What Are Real Estate Cycles?
The term real estate cycle is very similar to the economic cycle and is something we all should know and understand. These phenomena affect not only our lives, but the lives of everyone who came before us and everyone who will come after us as well. An economic or real estate cycle refers to the natural and inevitable fluctuation of the economy between periods of expansion (booms) and contraction (recessions). Factors such as gross domestic product (GDP), interest rates, levels of employment, and consumer spending are all pieces of the puzzle when trying to determine the current stage of the economic cycle.

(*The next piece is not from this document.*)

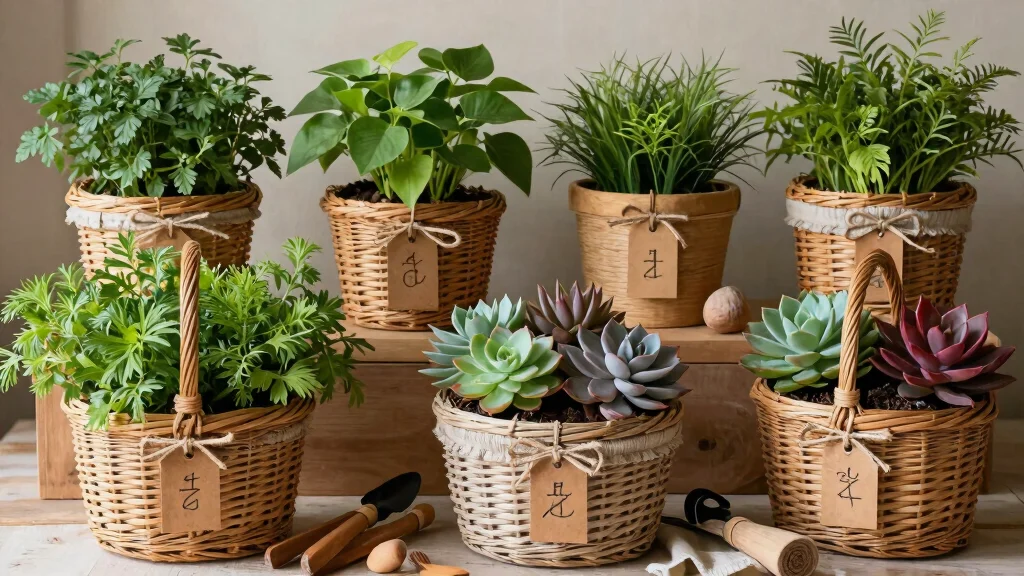 9 Plant Gift Basket Ideas DIY Easy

Because the real estate market is directly linked to how well the economy is doing, when the period of the cycle changes in one, it changes in the other. When there is a recession in the economy, no one has money to buy houses and so prices plummet thus creating a real estate recession. To quote Charles Dickens, “Change begets change.”

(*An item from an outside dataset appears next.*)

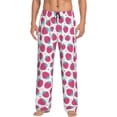 thumbnail image 2 of Goofa Hand Drawn Strawberry Printed Soft Pajama Pants for Men, Wide Leg Comfy Casual Lounge Yoga Pants-Medium, 2 of 9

A key point to recognize when trying identify the current state of an economic/real estate cycle is paying attention to what investors are investing in. During a period of expansion, an economy will have a GDP that is increasing rapidly. Thus, investors will try to purchase companies in technology, capital goods, and basic energy during these times. During a period of contraction, investors will look to purchase companies in the utilities, financials, and healthcare fields. Essentially, they want to capitalize on whatever people are interested in during that time. When times are good and the economy is doing well, people have excess money for new technology, capital goods, etc. When times are bad, people’s focus is more on basic necessities of life such as healthcare and keeping the lights on in their house.
Key aspects of an economic boom include higher than average GDP growth, higher disposable incomes, less unemployment, increased consumer spending, and better wages. As you would expect, key aspects of a recession include below-average GDP growth, lower disposable incomes, higher unemployment rates, and decreased consumer spending. The real estate market will be very good during economic booms and people will be looking to move into bigger and better houses.
Economic cycles are more than just fluctuations in the economy. The economy fluctuates every day with not much notice, but a cycle change has far reaching effects that nearly everyone in every sector will feel. Historically, a recession is defined as when the economy has two consecutive quarters of negative growth. Most recessions have a lifespan of 18-24 months. During that period, people will be sitting on their properties, not wanting sell or buy for fear they might lose everything. There is much less movement in the real estate market during economic recessions.
Recessions are never good, but they are natural and will happen. When they do, keep in mind that it’s only a matter of time before things start picking up again. How long the recession will last is tough to predict so it’s always smart to be prepared. Start saving. Talk to a financial advisor. Make sure your finances are in order so that when times do get tough, you’re ready.